Writers list their greatest reads

Frank Wilson in the Philadelphia Inquirer:

TolstoyLast year, the New York Times came up with a list of the best works of American fiction of the previous 25 years. This ignited much controversy. Which was to be expected, since a good deal of the fun of lists comes from disagreeing with them.

J. Peder Zane, book review editor of the Raleigh News & Observer, has outdone the Times considerably in The Top Ten: Writers Pick Their Favorite Books (Norton, $14.95): From the 10 favorites proffered by 125 noted writers, he has culled the all-time Top 10. The winners (in order, from top to bottom) are: Tolstoy’s Anna Karenina; Flaubert’s Madame Bovary; Tolstoy’s War and Peace; Vladimir Nabokov’s Lolita; Mark Twain’s The Adventures of Huckleberry Finn; Shakespeare’s Hamlet; F. Scott Fitzgerald’s The Great Gatsby; Proust’s In Search of Lost Time; the stories of Anton Chekhov; and George Eliot’s Middlemarch.
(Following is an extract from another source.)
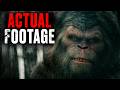 TOP 17 Most Authentic Bigfoot Videos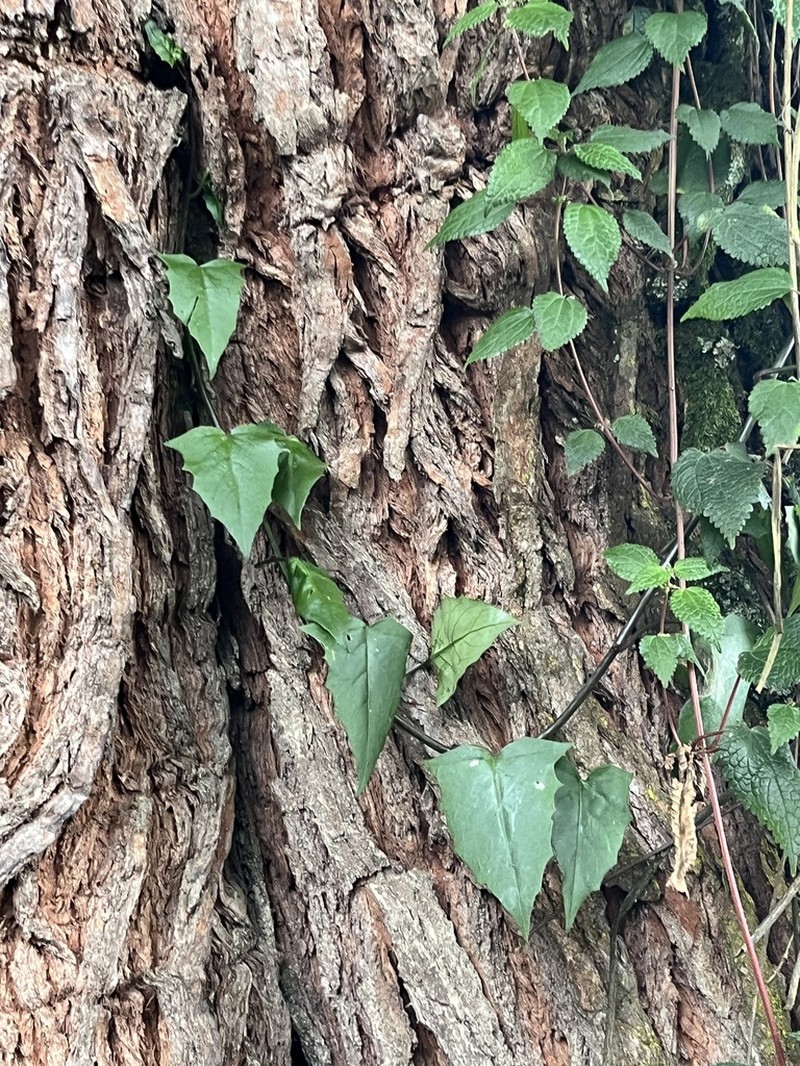 Senecio syringifolius photo 2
An unexceptionable list, right? Well, only until you start thinking about it. Critic Sven Birkerts, in his introductory essay, picks up on two oddities: first, only one of the works is by a woman (and she, Mary Ann Evans, used the male pen name of George Eliot); second, only one was written before the 19th century. No Homer, no Dante, no Chaucer.